Approximately 57 cases of primary testicular carcinoid have been reported in the literature. Tumors occurred most commonly in individuals ranging in age from 40 to 60 years. Twenty-five percent of primary testicular carcinoid tumors are mixed with teratoma, which portends an indolent and benign clinical course. Larger tumors (7.3 vs 2.9 cm) or the presence of carcinoid syndrome was more likely to metastasize (Zavala-Pompa et al, 1993). The overall metastatic rate was 12%, and of those with metastases, 50% of the patients had carcinoid syndrome.

As these tumors are rarely suspected preoperatively, once the diagnosis is confirmed, a metastatic workup should include a baseline 24-hour urinary 5-HIAA test; a computed tomographic scan of the abdomen, pelvis, and chest; a measurement of serum serotonin level; and possibly a gastrointestinal contrast study (Sutherland et al, 1992). Radical orchiectomy is generally curative in most patients, with more extensive resections reserved for those patients with metastases, given the slow-growing nature of the carcinoid tumor. The prognosis is good, especially for tumors mixed with teratoma. Adjunctive chemotherapy is not of significant benefit for local or metastatic carcinoid tumors. A review of the 57 patients previously mentioned showed that 3 patients (5%) died of metastatic disease (Zavala-Pompa et al, 1993).

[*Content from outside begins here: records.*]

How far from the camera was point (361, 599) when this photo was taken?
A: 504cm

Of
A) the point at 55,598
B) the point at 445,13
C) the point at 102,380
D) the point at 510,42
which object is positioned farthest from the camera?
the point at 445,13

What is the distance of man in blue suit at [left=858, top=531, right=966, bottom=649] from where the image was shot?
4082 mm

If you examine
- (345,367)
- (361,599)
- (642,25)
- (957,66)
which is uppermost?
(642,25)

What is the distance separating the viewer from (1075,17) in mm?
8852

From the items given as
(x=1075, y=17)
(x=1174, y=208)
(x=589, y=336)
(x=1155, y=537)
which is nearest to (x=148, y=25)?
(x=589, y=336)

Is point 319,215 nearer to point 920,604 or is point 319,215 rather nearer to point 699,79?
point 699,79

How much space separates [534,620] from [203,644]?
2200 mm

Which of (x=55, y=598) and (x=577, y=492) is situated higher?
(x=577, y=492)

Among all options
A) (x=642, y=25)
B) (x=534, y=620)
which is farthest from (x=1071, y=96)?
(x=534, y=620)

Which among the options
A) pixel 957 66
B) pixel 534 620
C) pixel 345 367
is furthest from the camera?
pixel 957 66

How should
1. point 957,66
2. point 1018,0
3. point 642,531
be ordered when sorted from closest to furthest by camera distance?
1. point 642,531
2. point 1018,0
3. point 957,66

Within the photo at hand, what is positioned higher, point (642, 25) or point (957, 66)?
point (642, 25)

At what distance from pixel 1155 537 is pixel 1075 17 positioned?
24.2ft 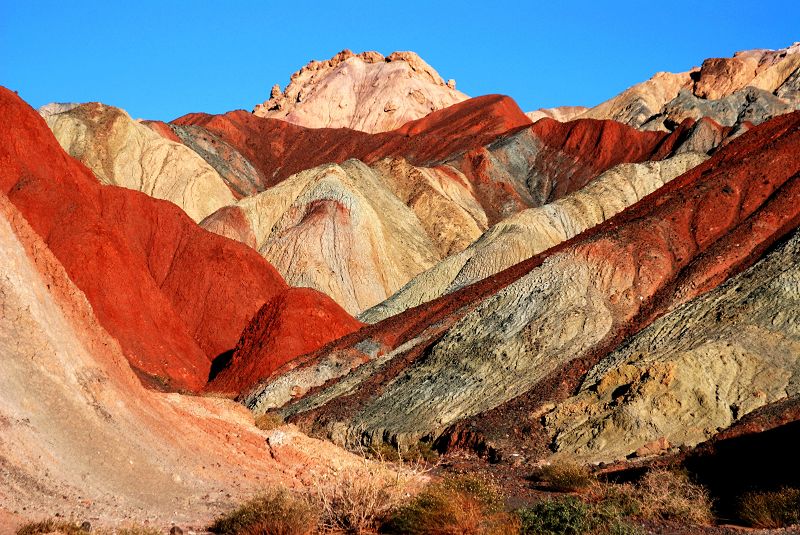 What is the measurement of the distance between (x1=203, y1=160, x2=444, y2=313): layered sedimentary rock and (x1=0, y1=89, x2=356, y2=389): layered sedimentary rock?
824cm

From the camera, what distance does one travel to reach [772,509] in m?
17.3

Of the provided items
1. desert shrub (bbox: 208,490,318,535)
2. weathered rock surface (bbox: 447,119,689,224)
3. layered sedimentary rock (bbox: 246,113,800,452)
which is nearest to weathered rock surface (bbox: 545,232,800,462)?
layered sedimentary rock (bbox: 246,113,800,452)

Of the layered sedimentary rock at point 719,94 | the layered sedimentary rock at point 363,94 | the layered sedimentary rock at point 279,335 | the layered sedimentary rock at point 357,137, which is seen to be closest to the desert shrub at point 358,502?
the layered sedimentary rock at point 279,335

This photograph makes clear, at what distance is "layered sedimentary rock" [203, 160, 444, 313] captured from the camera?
70.2 meters

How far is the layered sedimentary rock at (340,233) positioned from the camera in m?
70.2

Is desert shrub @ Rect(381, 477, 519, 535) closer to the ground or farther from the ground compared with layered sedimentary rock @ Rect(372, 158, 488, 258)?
closer to the ground

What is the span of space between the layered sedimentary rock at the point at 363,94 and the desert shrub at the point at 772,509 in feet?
413

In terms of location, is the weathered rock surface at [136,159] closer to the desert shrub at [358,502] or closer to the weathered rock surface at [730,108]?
the weathered rock surface at [730,108]

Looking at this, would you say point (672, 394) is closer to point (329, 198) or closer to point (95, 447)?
point (95, 447)

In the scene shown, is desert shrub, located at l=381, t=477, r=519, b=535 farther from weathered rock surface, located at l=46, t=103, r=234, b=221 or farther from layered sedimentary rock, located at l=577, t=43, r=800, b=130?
layered sedimentary rock, located at l=577, t=43, r=800, b=130

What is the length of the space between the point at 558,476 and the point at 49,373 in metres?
11.4

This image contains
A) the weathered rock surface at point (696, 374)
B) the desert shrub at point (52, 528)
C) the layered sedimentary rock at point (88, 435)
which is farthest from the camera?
the weathered rock surface at point (696, 374)

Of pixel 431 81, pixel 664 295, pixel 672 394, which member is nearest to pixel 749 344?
pixel 672 394

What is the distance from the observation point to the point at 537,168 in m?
103
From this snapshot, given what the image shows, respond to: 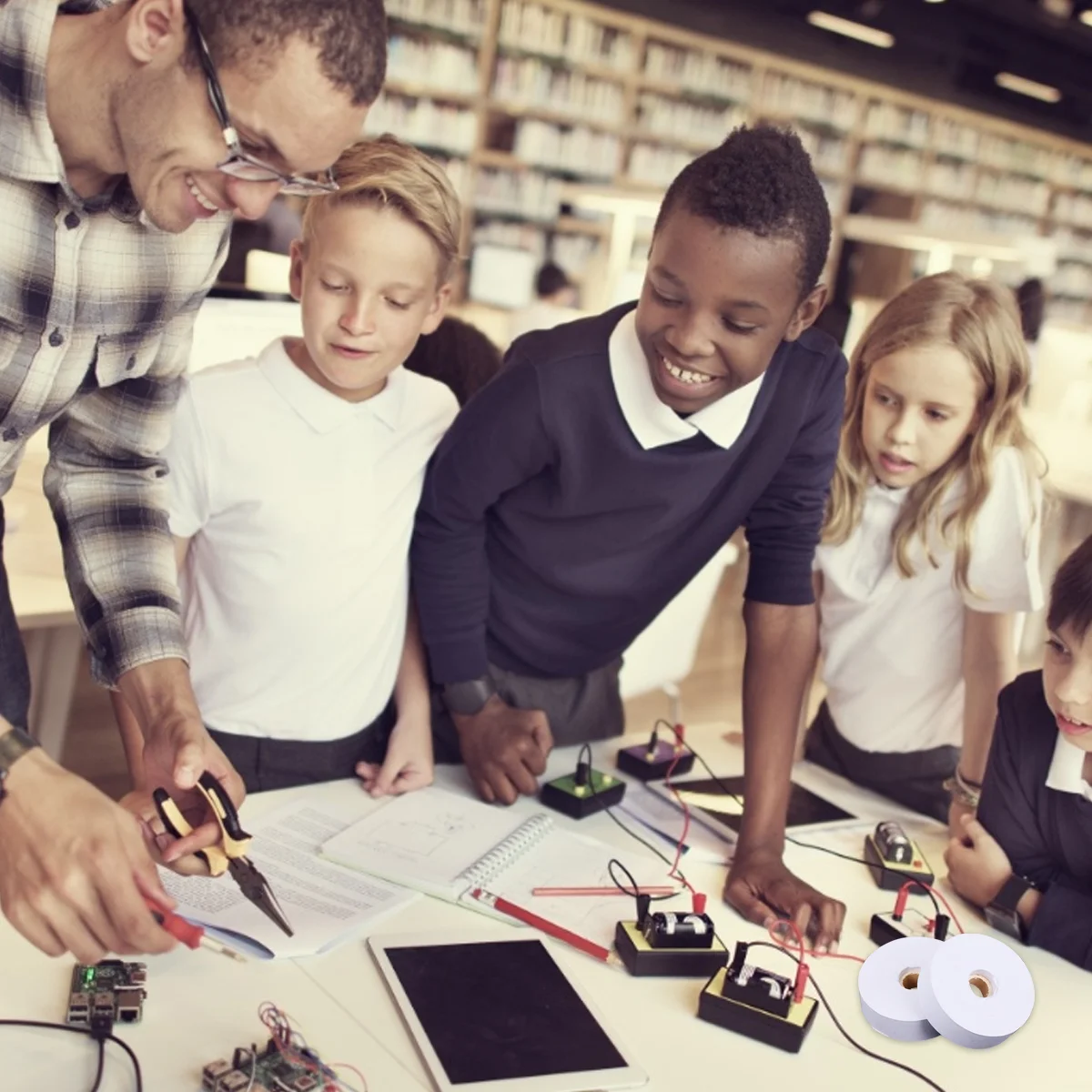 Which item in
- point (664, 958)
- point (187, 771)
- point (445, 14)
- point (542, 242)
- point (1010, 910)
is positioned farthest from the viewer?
point (542, 242)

Long-term follow-up is recommended, as there has been a report of metastatic carcinoid tumor 17 years after the primary tumor was removed (Hayashi et al, 2001). Recommendations for follow-up include a review of medical history, a physical examination, and a 24-hour urinary 5-HIAA test every 3 months for the first year and then annually thereafter (Sutherland et al, 1992). In conclusion, any male patient presenting for elective sterilization must undergo a careful testicular examination, as these patients often fall into a higher-risk group for testis tumors. If there is any palpable abnormality on physical examination, a scrotal ultrasound should be performed. Although abnormalities are difficult to palpate in these patients, scrotal rewarming can immensely improve tactile sensation in both the vas and testes and permit any abnormalities to be discovered.


References

Hayashi T, Iida S, Taguchi J, Miyajima J, Matsuo M, Tomiyasu K, Matsuoka K, Noda S. Primary carcinoid of the testis associated with carcinoid syndrome. Int J Urol. 2001; 8:522–524.[Medline]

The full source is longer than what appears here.